The rain fell for so long. And since darkness had occupied so much space in their lives, it was hard for either to imagine a day when the sun would actually shine again. But in time, through silent prayers and things hoped for, a day came where their eyes witnessed the sun breaking through the dark billowy clouds above. On this day, the last Sunday of a most arduous year, the San Diego sun rose to its highest point in the sky. By mid morning, all the earth below was doused in soft light. Dead corners of society where dark shadows crept now sprouted with new life. Birds high up in the trees sang beautiful melodies that the elderly, scattered in bushy parks below, made their calculated chess moves to. With the rain now surely an afterthought, the residents of San Diego looked to one another, smiled and breathed sighs of relief… That is all but one couple.
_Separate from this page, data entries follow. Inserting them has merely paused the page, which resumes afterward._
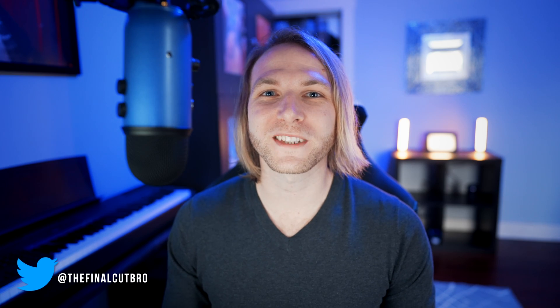Hey friends, Dylan Bates here, the Final Cut Bro, with a really quick workflow tutorial for you that will hopefully save you a lot of time. Let's get started.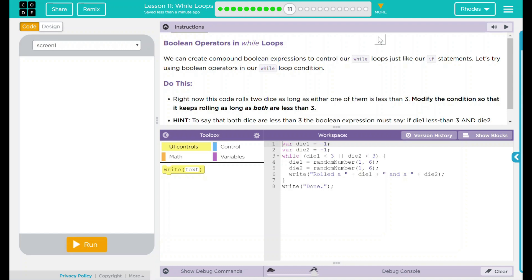Hey kids, welcome to lesson 11 while loops number 10, boolean operators in while loops.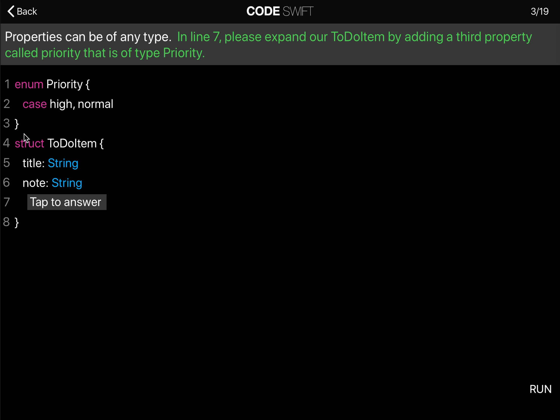When you look at this example, in the first three lines we have an enum called priority, and the case can be set to high or normal. This is now a type.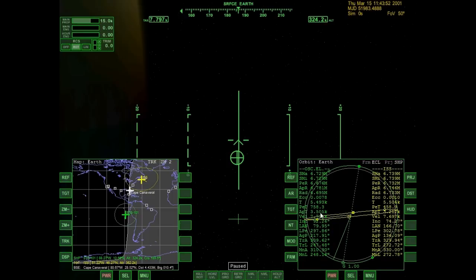Right now my periapsis is 6.676 and theirs is 6.732. My apoapsis is 6.781 and the International Space Station's is 6.746. So I need to lower my apoapsis and raise my periapsis, which in effect is going to bring my eccentricity lower. I am 758 seconds away from my periapsis, at which point I'm going to perform a retrograde burn — pointing away from the direction I'm heading in orbit, which will slow me down and lower my apoapsis from 781 to 746.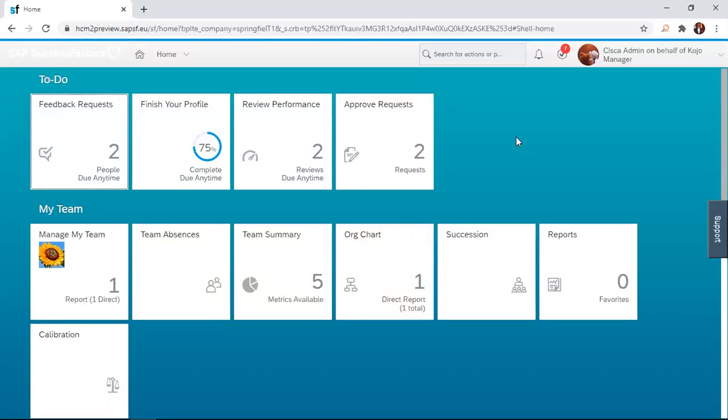Now, it is very simple. And to do this, the manager simply logs into the system and then navigates to the review performance tile here, under the to-do list.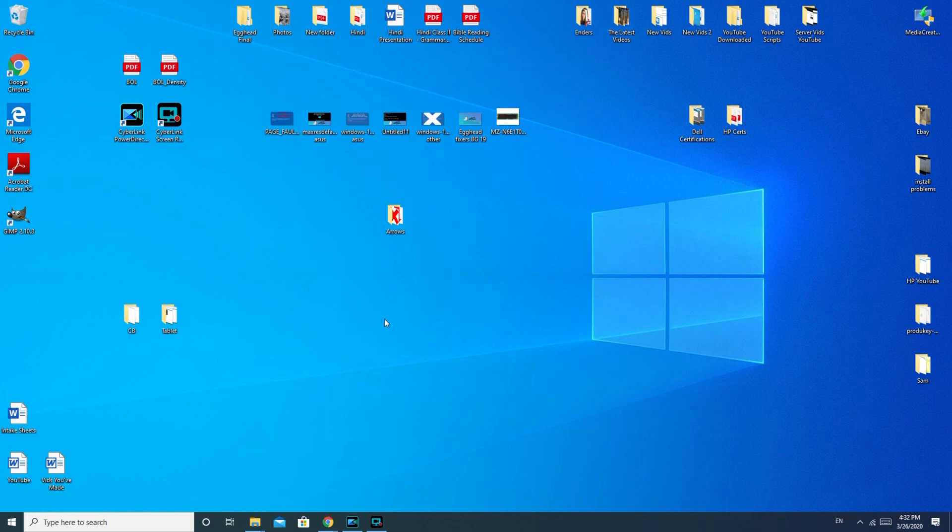First we're going to go over the software solutions and then the hardware solutions. The software solutions are the same for a desktop as they are for a laptop, and then we're going to go over desktop and laptop hardware issues.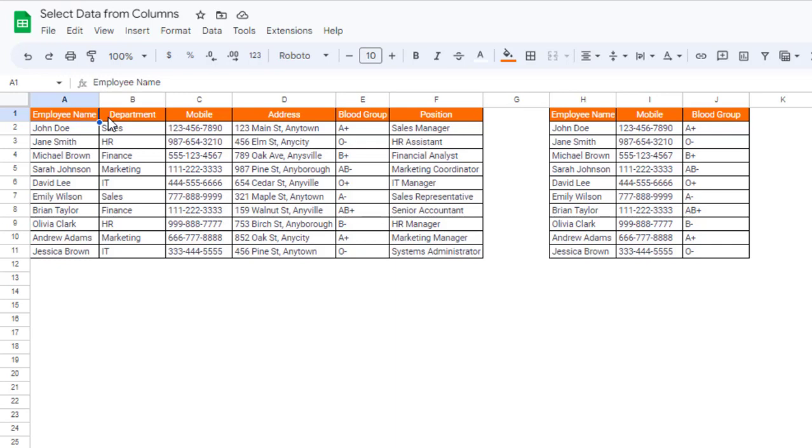Hi everyone, welcome to Excel Dose. In today's video I will show you how to select data from columns. What I mean is, suppose I need an employee's name, mobile number, as well as the blood group from this particular dataset.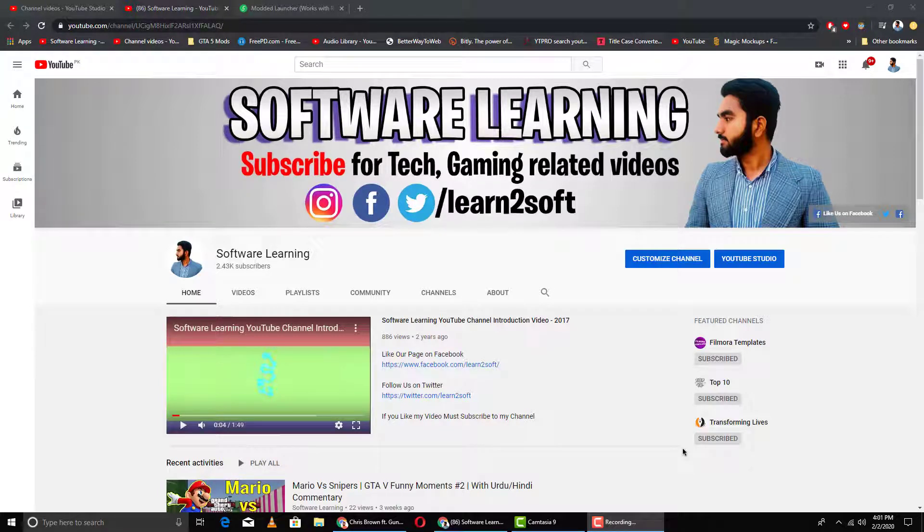What is up guys, welcome to Software Learning. Today in this video I'm going to be teaching you how to mod GTA 5 without getting banned by using dual installation. So let's jump into this video.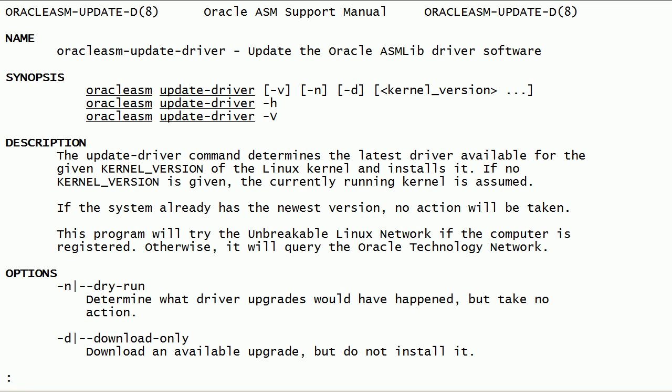We have a few options with this command to do a dry run, or an option to just download the latest ASM lib kernel driver software.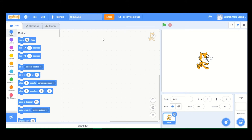Hey guys, it's Sasha from Scratch with Sasha, and today we're gonna make a dress-up game. It'll be an easy game and it'll take some time to make, so let's get started. First we're gonna need a character to dress up — a boy or a girl — and we'll also need the outfits, the accessories, everything, and we'll also need a nice backdrop to get started.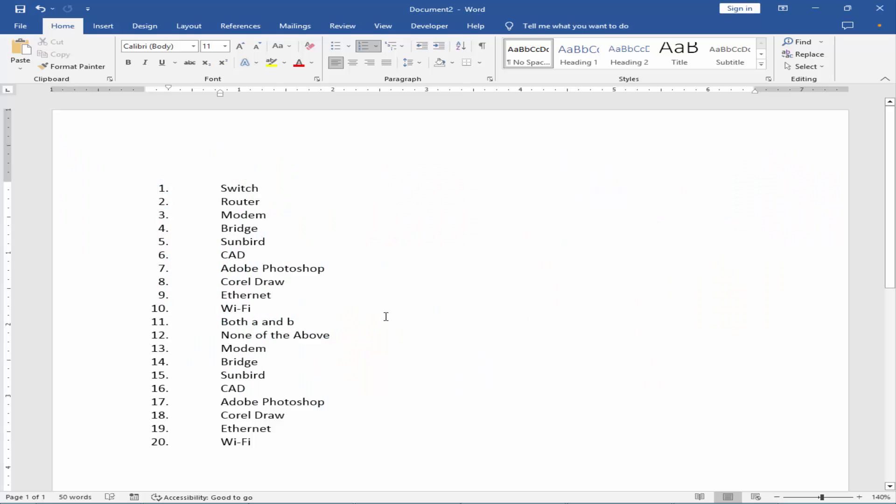Assalamualaikum. In this video, how to reduce the space between numbering and text in Microsoft Word. Let's get started.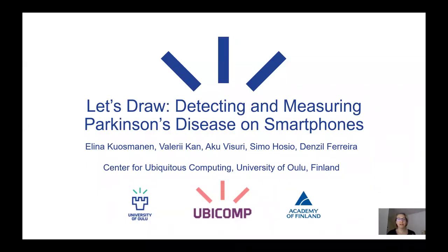Hi, my name is Elina Kuosmanen. I am from the Center for Ubiquitous Computing from the University of Oulu in Finland. I will introduce our study on measuring Parkinson's disease on smartphones with drawing tasks.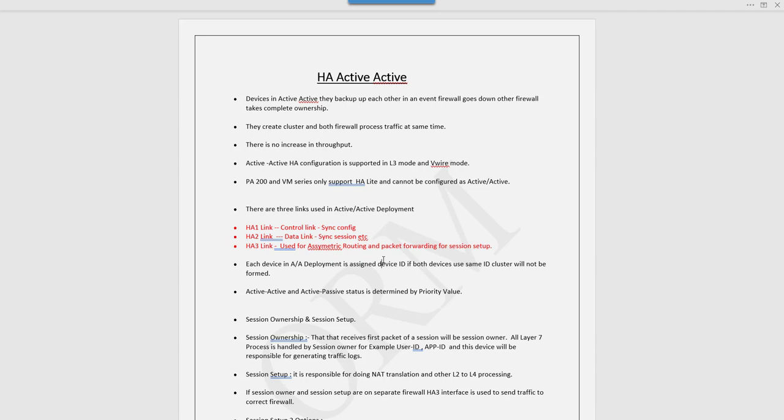We need an additional link called HA3 which is used to forward the session if it has been initiated on the firewall where it should not process that session. Firewall A forwards the packet to firewall B if firewall B is the initial owner of the session. It also takes care of asymmetric routing.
This couple, the BEFORES, despite the change in forecast, walked with deathly heavy steps toward their gate at San Diego Airport that Sunday morning. ISABELLE, a woman much darker than when she first met LEVI, trailed her husband of 25 long years with slow, fallen steps. And Levi was no different. Levi wheeled his suitcase with one hand, never once looking back at Isabelle. To say that Levi was deeply gripped by his own interior thoughts would be a poor choice of words. The only way to describe Levi’s mental state would be to imagine the walls of the behemoth airport suddenly crumbling down block by block, at the same time a distant levee would break and a flood of rushing water would come sweeping through, washing Isabelle away, and Levi, so entrenched in his own thoughts would never hear Isabelle calling out to him.
The Befores entered the seating area of their gate. Levi was the first to sit, then Isabelle, who despite choosing to sit in the closest seat to her husband, was still oceans apart spiritually. Levi would breathe a deep breath then sit back in his chair and fold his arms high across his chest, his eyes looking to a place far far away. Isabelle’s legs would grow cold and she would place her hands on her thighs, lightly stroking them back and forth as her vacant eyes looked on. The hours would pass with the same quiet tone as it had in their shared lives. The two just sitting there, in silence, eyes miles apart, hearts no longer one. And while their fellow San Diegan’s whizzed and buzzed around them like objects in a swirling tornado, the Befores would continue to sit unnaturally still, broken from within, too far gone for any light to penetrate their viscous darkness.